OpenMP Scheduling

Overview

We have seen that OpenMP will automatically partition the iterations of a for loop with the parallel for construct.

Today we will look at how we OpenMP schedules loop iterations, and how we can optimize the way loop iterations are divided.

Static Schedules

By default, OpenMP statically assigns loop iterations to threads. When the parallel for block is entered, it assigns each thread the set of loop iterations it is to execute.

The following program illustrates this is done by default:


#include <stdlib.h>
#include <omp.h>
#include <stdio.h>

#define THREADS 8
#define N 100

int main() {
    #pragma omp parallel for num_threads(THREADS)
    for (int i = 0; i < N; i++) {
        printf("Thread %d is doing iteration %d.\n", omp_get_thread_num(), i);
    }

    /* all threads done */
    printf("All done!\n");
    return 0;
}

A static schedule can be non-optimal, however. This is the case when the different iterations take different amounts of time. This is true of the following program, in which each loop iteration sleeps for a number of seconds equal to the iteration number:


#include <unistd.h>
#include <stdlib.h>
#include <omp.h>
#include <stdio.h>

#define THREADS 4
#define N 16

int main() {
    #pragma omp parallel for schedule(static) num_threads(THREADS)
    for (int i = 0; i < N; i++) {
        /* wait for i seconds */
        sleep(i);

        printf("Thread %d has completed iteration %d.\n", omp_get_thread_num(), i);
    }

    /* all threads done */
    printf("All done!\n");
    return 0;
}

This program also specifies static scheduling, in the parallel for directive. This is the default on our systems, so is not needed.

How long does this program take?

How long could it take in the best case?

Dynamic Schedules

This program can be greatly improved with a dynamic schedule. Here, OpenMP assigns one iteration to each thread. When the thread finishes, it will be assigned the next iteration that hasn't been executed yet.
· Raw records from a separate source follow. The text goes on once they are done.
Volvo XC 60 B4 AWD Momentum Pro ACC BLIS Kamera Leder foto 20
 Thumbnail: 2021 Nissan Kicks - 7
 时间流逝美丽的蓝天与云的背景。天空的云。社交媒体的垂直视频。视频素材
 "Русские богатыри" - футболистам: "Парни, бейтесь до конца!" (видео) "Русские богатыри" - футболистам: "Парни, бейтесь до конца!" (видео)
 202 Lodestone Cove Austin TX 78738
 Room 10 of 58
Below is the program above modified to have a dynamic schedule:


#include <unistd.h>
#include <stdlib.h>
#include <omp.h>
#include <stdio.h>

#define THREADS 4
#define N 16

int main() {
    #pragma omp parallel for schedule(dynamic) num_threads(THREADS)
    for (int i = 0; i < N; i++) {
        /* wait for i seconds */
        sleep(i);

        printf("Thread %d has completed iteration %d.\n", omp_get_thread_num(), i);
    }

    /* all threads done */
    printf("All done!\n");
    return 0;
}

How much faster does this program run?

Dynamic Schedule Overhead

Dynamic scheduling is better when the iterations may take very different amounts of time. However, there is some overhead to dynamic scheduling.

After each iteration, the threads must stop and receive a new value of the loop variable to use for its next iteration.

The following program demonstrates this overhead:


#include <unistd.h>
#include <stdlib.h>
#include <omp.h>
#include <stdio.h>

#define THREADS 16
#define N 100000000

int main() {
    printf("Running %d iterations on %d threads dynamically.\n", N, THREADS);

    #pragma omp parallel for schedule(dynamic) num_threads(THREADS)
    for (int i = 0; i < N; i++) {
        /* a loop that doesn't take very long */

    }

    /* all threads done */
    printf("All done!\n");
    return 0;
}

How long does this program take to execute?

If we specify static scheduling, the program will run faster:


#include <unistd.h>
#include <stdlib.h>
#include <omp.h>
#include <stdio.h>

#define THREADS 16
#define N 100000000

int main() {
    printf("Running %d iterations on %d threads statically.\n", N, THREADS);

    #pragma omp parallel for schedule(static) num_threads(THREADS)
    for (int i = 0; i < N; i++) {
        /* a loop that doesn't take very long */

    }

    /* all threads done */
    printf("All done!\n");
    return 0;
}

Chunk Sizes

We can split the difference between static and dynamic scheduling by using chunks in a dynamic schedule.

Here, each thread will take a set number of iterations, called a "chunk", execute it, and then be assigned a new chunk when it is done.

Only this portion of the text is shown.